NOTE: In order for make docs to work, you must have
Doxygen installed. This is why there is a file called
./Doxyfile in the folder. This will put all the documentation inside a folder
called ./docs in this project. Open it using your favorite browser!
Usage#
First, check out the different parts in the project:
This will compile all the necessary executables and put them in a directory
called: ./.build. The executables provided are:
metadata-serverdata-nodelscopy
NOTE: The make all command that this project produces lots of other
intermediary files that are useful for debugging and testing. Please, ignore
these!
If this is not the first time you run the project, you might want to clear the data directory. In the following configuration, you can do this by simply running
make clean-data
The first thing you have to do after compiling everything is create the database. To do this, run the following command:
createdb
This command does not take any parameters.
Then, you have to start the metadata server:
metadata-server Port
where:
Portis any valid number that can be a port. This is the port that the metadata server will be listening on.
After starting the metadata server, start a couple data nodes:
data-node IPv4 Port Path Port
where:
IPv4is any validIPv4address. This is the IP addresss of the metadata server.Portis any valid number that can be a port. This is the port that the metadata server is listening on.Pathis the file path to the data directory for this data node.Portis any valid number that can be a port. This is the port that the data node will be listening on.
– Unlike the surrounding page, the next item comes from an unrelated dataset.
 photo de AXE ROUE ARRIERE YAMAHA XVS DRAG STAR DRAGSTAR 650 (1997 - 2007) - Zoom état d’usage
You can now copy files to and from the server. To do this, use the copy
command:
copy IPv4 Port [-s] Path [-s] Path
where:
IPv4is any validIPv4address. This is the IP addresss of the metadata server.Portis any valid number that can be a port. This is the port that the metadata server is listening on.Pathis the file path to the source file that you want to copy.Pathis the file path to the destination of the file you want to copy. Notice that there is a[-s]. This must only be supplied once. This flag is to indicate that the next path represents a file that is in the server. For example, the following are correct ways to use this command:
copy 136.145.10.2 42069 -s /home/root/.bashrc /home/cheo/.bashrc
copy 136.145.10.2 42069 /etc/passwd -s /home/sona/important_files.txt
The following would be an incorrect way to use this command:
copy 127.0.0.1 58008 -s /home/root/.bashrc -s /home/cheo/.bashrc
# ERROR: ^^ ^^
# The -s flag appears twice!
copy 127.0.0.1 58008 /etc/passwd /home/sona/important_files.txt
# ERROR: ^ ^
# The -s flag does not appear!
To list the files that are on the server you can use the ls command:
ls IPv4 Port
where:
IPv4is any validIPv4address. This is the IP addresss of the metadata server.Portis any valid number that can be a port. This is the port that the metadata server is listening on.
Example#
If you want to run this project as an example, try the following:
First, make sure you compile all the executables.
make all
Remember, this will put all the executables in a directory called .build.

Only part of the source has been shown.